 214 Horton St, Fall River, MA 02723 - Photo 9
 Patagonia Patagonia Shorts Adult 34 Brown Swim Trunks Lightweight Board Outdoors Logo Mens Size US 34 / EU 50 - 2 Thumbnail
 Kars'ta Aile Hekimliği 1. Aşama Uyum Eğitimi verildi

#### [PROMPT]
You are asked to transcribe the complete data exactly.

#### [RESPONSE FOR THIS EXERCISE]
 214 Horton St, Fall River, MA 02723 - Photo 9
 Patagonia Patagonia Shorts Adult 34 Brown Swim Trunks Lightweight Board Outdoors Logo Mens Size US 34 / EU 50 - 2 Thumbnail
 Kars'ta Aile Hekimliği 1. Aşama Uyum Eğitimi verildi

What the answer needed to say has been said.